* _Exercise goal_
Using the listing below, copy exactly each line from the one that has "जम्मू-कश्मीर में मतदान" through the one that has "gröna klackar ZARA"; omit the pictures.

* _Records for this task_
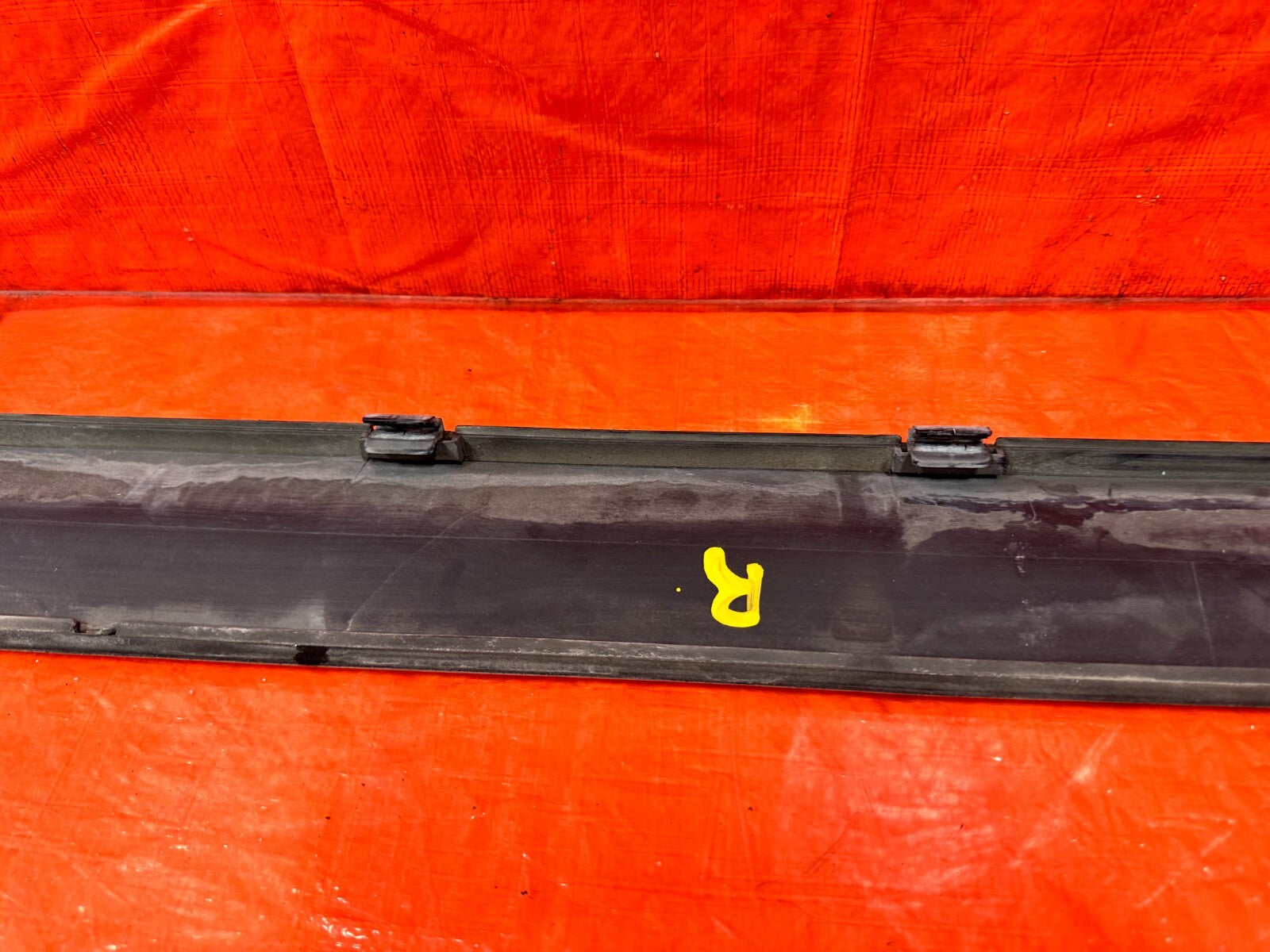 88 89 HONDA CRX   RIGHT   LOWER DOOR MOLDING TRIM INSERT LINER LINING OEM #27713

--

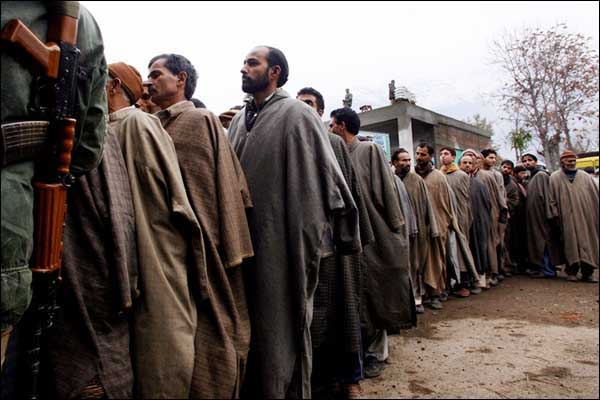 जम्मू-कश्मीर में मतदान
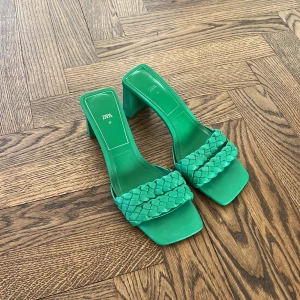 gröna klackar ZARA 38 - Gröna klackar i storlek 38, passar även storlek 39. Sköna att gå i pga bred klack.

* _Problem solution_
 जम्मू-कश्मीर में मतदान
 gröna klackar ZARA 38 - Gröna klackar i storlek 38, passar även storlek 39. Sköna att gå i pga bred klack.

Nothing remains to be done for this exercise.